What is expected:
Here is a listing, set out below; repeat its lines from the one with "Diamond Black Crystal" to the last, both included, and leave out the pictures.

Dataset excerpts:
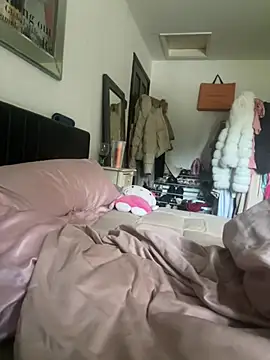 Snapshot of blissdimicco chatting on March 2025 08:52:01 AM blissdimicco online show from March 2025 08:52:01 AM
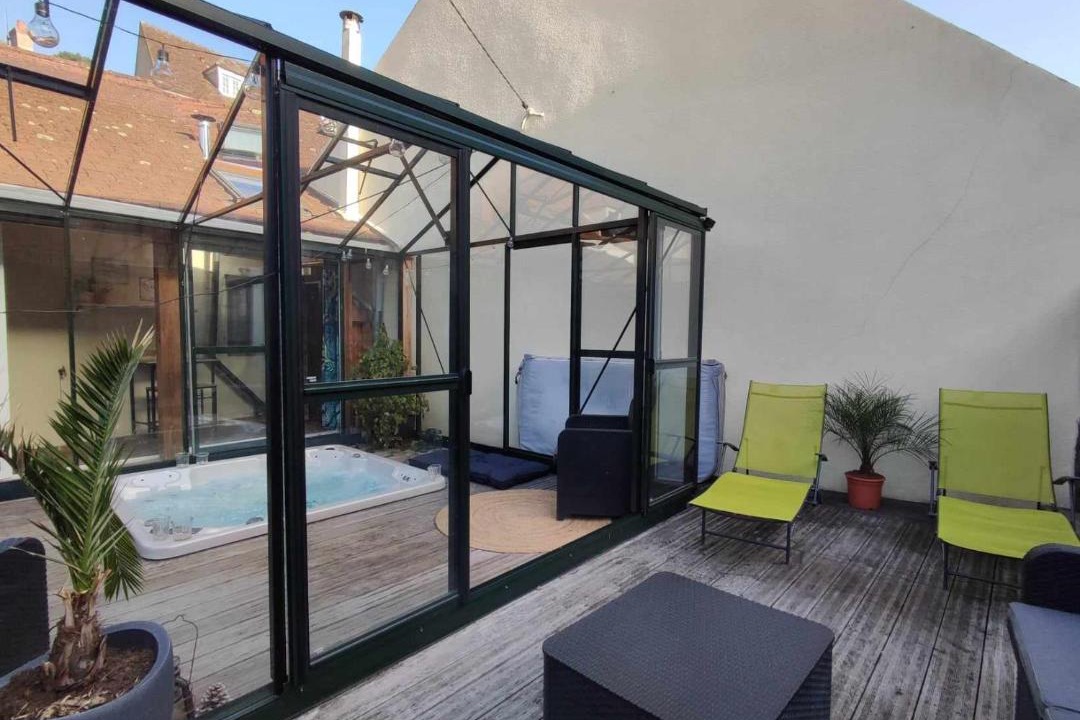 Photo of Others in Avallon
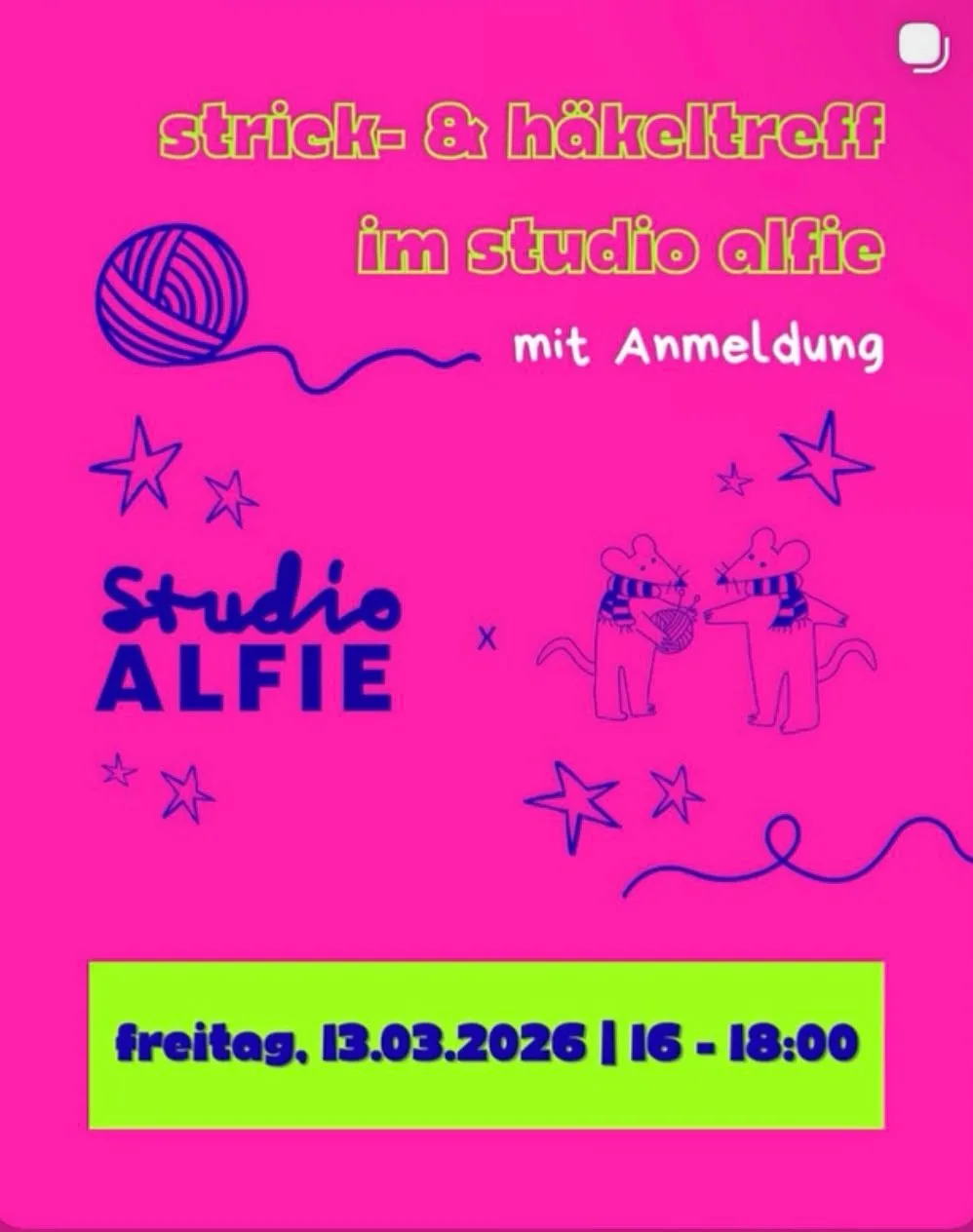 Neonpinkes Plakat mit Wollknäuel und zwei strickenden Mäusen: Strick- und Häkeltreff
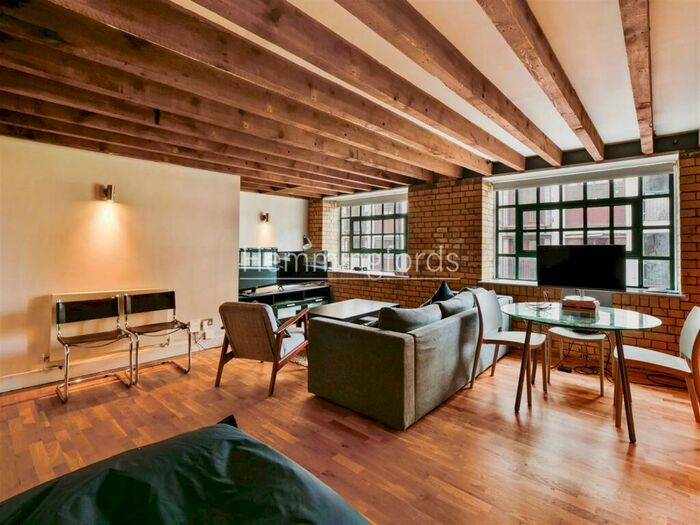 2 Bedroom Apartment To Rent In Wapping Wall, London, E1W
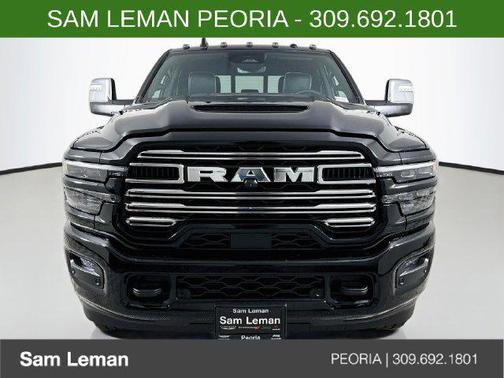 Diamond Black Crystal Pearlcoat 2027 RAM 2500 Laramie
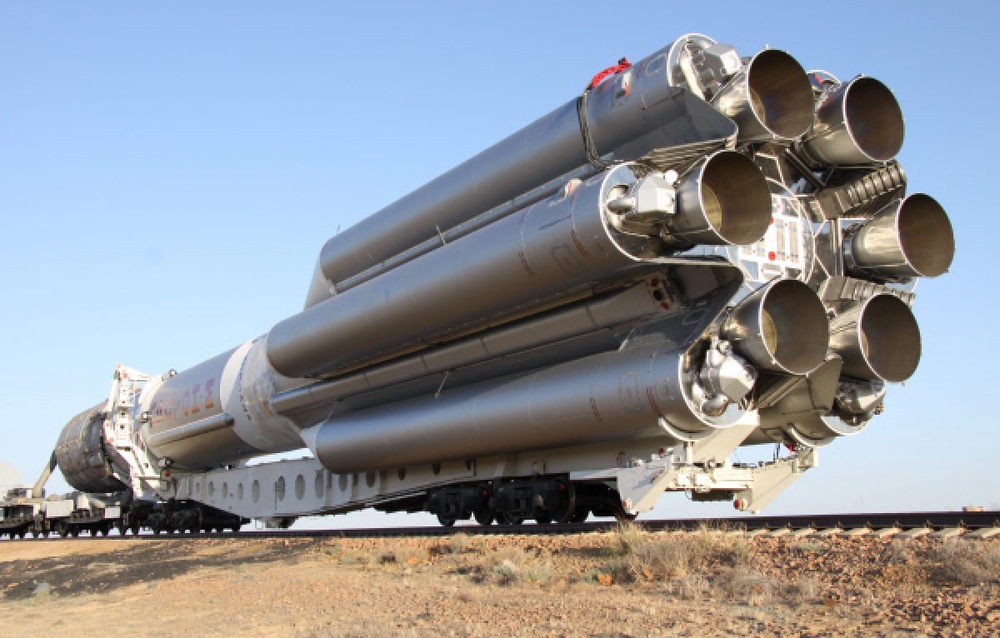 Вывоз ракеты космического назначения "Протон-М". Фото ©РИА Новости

Answer space:
 Diamond Black Crystal Pearlcoat 2027 RAM 2500 Laramie
 Вывоз ракеты космического назначения "Протон-М". Фото ©РИА Новости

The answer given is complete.